What to produce:
Please output the data exactly, minus pictures.

Provided material:
####################

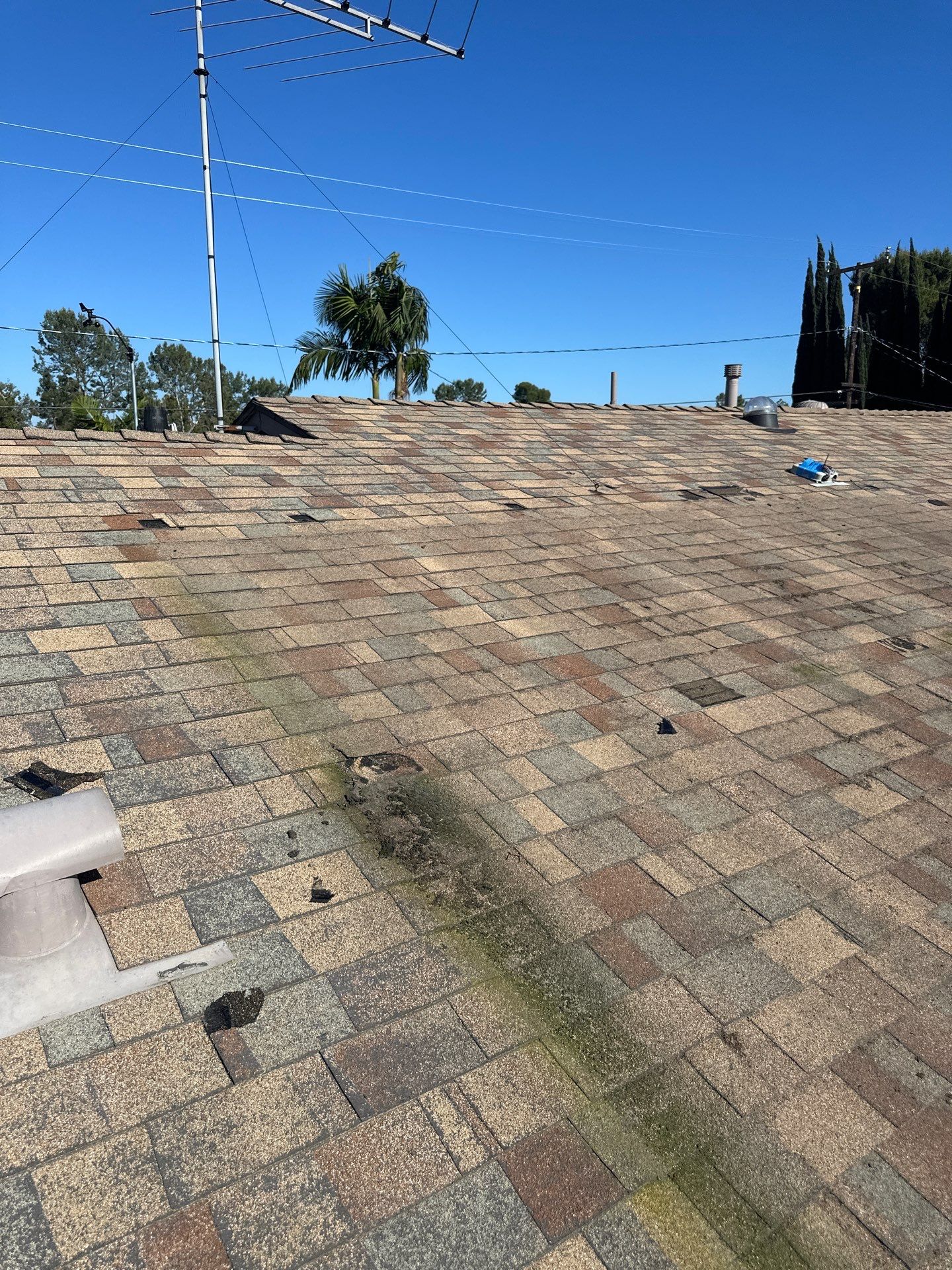 Roof Replacement - Lakewood, CA 90715 by Epic Roof Replacement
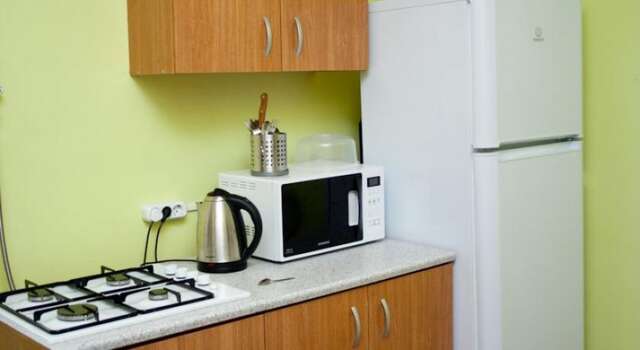 Гостиница Hostel On Ilyinka Нижний Новгород-14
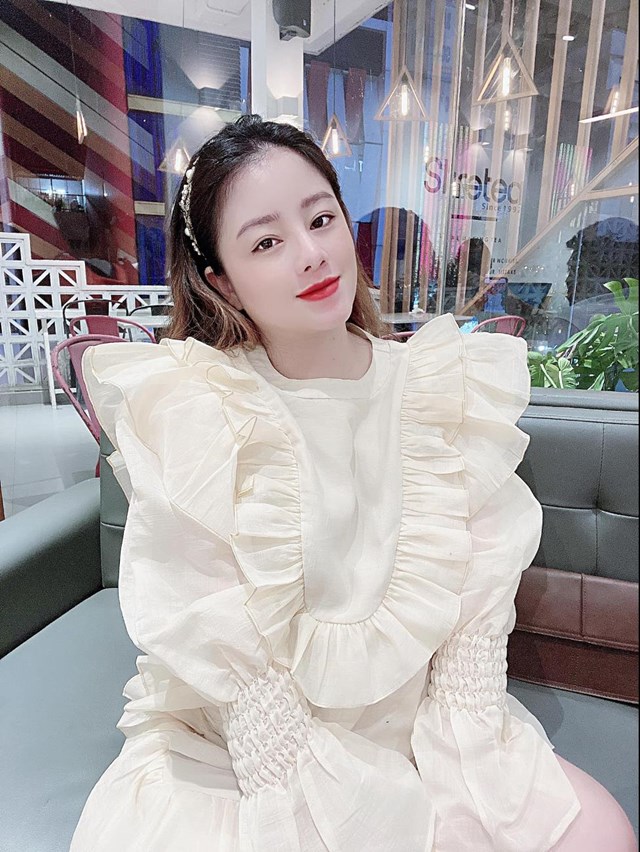 CEO Đặng Yến Nhi bật m&#237; b&#237; quyết khởi nghiệp th&#224;nh c&#244;ng - Ảnh 2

####################

Answer to this problem:
 Roof Replacement - Lakewood, CA 90715 by Epic Roof Replacement
 Гостиница Hostel On Ilyinka Нижний Новгород-14
 CEO Đặng Yến Nhi bật m&#237; b&#237; quyết khởi nghiệp th&#224;nh c&#244;ng - Ảnh 2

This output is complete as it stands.